Gelesis’ proprietary hydrogel product candidates are orally administered and synthesised from two naturally derived building blocks – modified cellulose cross-linked with citric acid – that create a three- dimensional matrix designed to achieve specific mechanical properties (high elastic response) through the gastrointestinal system. In order to assess the potential therapeutic benefits of the hydrogel’s specific mechanical properties, modified cellulose, the main building block of GS500, was included as an active control. This modified cellulose is a widely used soluble dietary fibre but lacks the three-dimensional structure of the superabsorbent hydrogel, and therefore creates significantly lower elastic response.
“The wireless motility capsule monitoring system allowed us to demonstrate that the superabsorbent hydrogel, in contrast to modified cellulose alone or placebo, accelerated colonic transit time,” said Dr Kyle Staller, Center for Neurointestinal Health and Division of Gastroenterology at Harvard-affiliated Massachusetts General Hospital. “This finding suggests that the three-dimensional structure of Gelesis’ hydrogel technology and specific elastic response may have contributed to the observed improvements in colonic transit time over the active fibre control in this study.”
The primary endpoint of this randomised, double-blind study was the change in CTT from pre-treatment to post-treatment as measured by wireless motility capsules. The test involves swallowing a small data recording device which transmits information to a wireless data receiver.
Two populations were evaluated separately, 27 subjects with CIC and 13 subjects with irritable bowel syndrome with constipation (IBS-C). Patients were randomised into three treatment groups to receive 21 days of treatment with either GS500 (n=20), active control (modified cellulose, n=11) or placebo (n=9). Each subject’s CTT was measured during the third week of treatment and compared to their baseline, collected during seven days of pre-treatment. Secondary outcome measures included improvement of relevant gastrointestinal (GI) symptoms.

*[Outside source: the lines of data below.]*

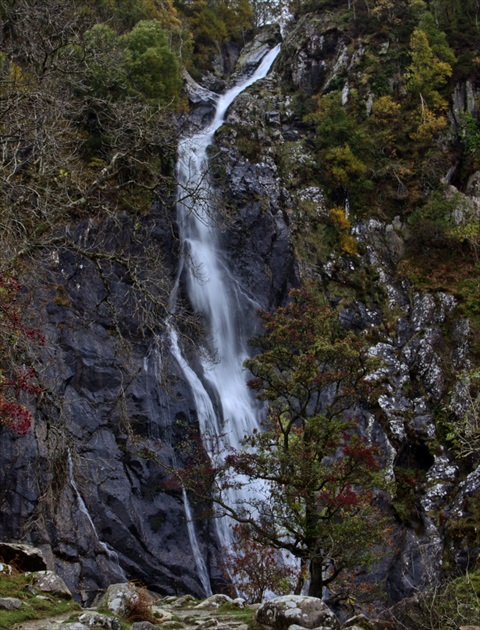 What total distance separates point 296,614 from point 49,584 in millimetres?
3363

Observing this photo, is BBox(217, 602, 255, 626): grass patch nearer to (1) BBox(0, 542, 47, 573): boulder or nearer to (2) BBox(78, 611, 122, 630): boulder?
(2) BBox(78, 611, 122, 630): boulder

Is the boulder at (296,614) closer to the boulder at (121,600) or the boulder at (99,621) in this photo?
the boulder at (121,600)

In the CIC population on treatment, colonic transit time was reduced by approximately 16 hours (~31%) compared to baseline (p=0.02 compared to placebo). No statistically significant change was observed in the placebo or the active control groups. No improvement was observed in the IBS-C population, as well as no change in the reported GI symptoms which were the secondary endpoints. Two randomised patients did not complete the study, one in the treatment group due to a GI related AE, and one in the placebo group due to a faulty monitoring device. No serious adverse events were reported.

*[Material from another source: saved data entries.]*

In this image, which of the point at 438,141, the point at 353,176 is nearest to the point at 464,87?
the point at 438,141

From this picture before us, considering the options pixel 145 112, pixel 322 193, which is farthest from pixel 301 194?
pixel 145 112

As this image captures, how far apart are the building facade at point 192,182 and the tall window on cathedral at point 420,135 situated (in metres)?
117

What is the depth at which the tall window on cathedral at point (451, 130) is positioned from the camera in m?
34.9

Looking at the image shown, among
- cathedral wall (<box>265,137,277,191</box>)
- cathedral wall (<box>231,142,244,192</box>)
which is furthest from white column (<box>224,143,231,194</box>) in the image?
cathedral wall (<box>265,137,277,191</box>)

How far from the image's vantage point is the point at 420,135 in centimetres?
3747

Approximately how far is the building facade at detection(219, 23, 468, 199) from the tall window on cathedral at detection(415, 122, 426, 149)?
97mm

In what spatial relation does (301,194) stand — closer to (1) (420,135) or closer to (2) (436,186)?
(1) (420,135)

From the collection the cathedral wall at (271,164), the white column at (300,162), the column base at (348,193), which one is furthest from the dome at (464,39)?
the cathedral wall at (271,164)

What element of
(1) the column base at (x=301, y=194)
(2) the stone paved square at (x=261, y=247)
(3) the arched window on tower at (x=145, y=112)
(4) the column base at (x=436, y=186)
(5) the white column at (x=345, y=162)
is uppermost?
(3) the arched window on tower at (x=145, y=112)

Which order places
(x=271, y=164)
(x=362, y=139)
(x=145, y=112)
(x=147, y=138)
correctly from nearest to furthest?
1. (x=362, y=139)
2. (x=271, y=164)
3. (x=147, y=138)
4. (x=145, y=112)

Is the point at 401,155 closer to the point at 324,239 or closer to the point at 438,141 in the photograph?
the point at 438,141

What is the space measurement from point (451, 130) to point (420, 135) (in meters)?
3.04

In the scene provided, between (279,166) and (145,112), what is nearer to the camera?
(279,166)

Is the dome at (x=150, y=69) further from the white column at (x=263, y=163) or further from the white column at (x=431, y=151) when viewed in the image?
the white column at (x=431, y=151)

This pilot study of 40 subjects was powered to detect improvement in CTT (the primary endpoint). Recent data suggest that colonic transit time influences gut health and a longer faecal retention time is associated with CIC symptoms and less microbiome diversity. Further studies are required to assess the effect of Gelesis’ hydrogel technology on symptom improvement.
Gelesis is developing a novel hydrogel platform technology to treat overweight and obesity and chronic diseases related to the GI pathway. Gelesis’ proprietary approach is designed to act mechanically in the GI pathway to potentially alter the course of chronic diseases. In April 2019, Gelesis received FDA clearance for its lead product candidate, PLENITYTM. Gelesis is preparing to initiate a targeted U.S. launch of PLENITY in the second half of 2019 and anticipates PLENITY will be broadly available by prescription in the U.S. in 2020.
Additionally, Gelesis is developing its second candidate, Gelesis200, a hydrogel optimized for weight loss and glycemic control in patients with type 2 diabetes and prediabetes. Novel hydrogel mechanotherapeutics based on the Gelesis platform technology are also being advanced through a pipeline (GS300, GS400, GS500) in other GI inflammatory conditions where gut barrier and gut permeability potentially play a role, such as non-alcoholic steatohepatitis (NASH) and inflammatory bowel disease (IBD). Recent preclinical data presented this year support the potential role of this novel hydrogel platform technology in restoring gut barrier function and intestinal tissue health.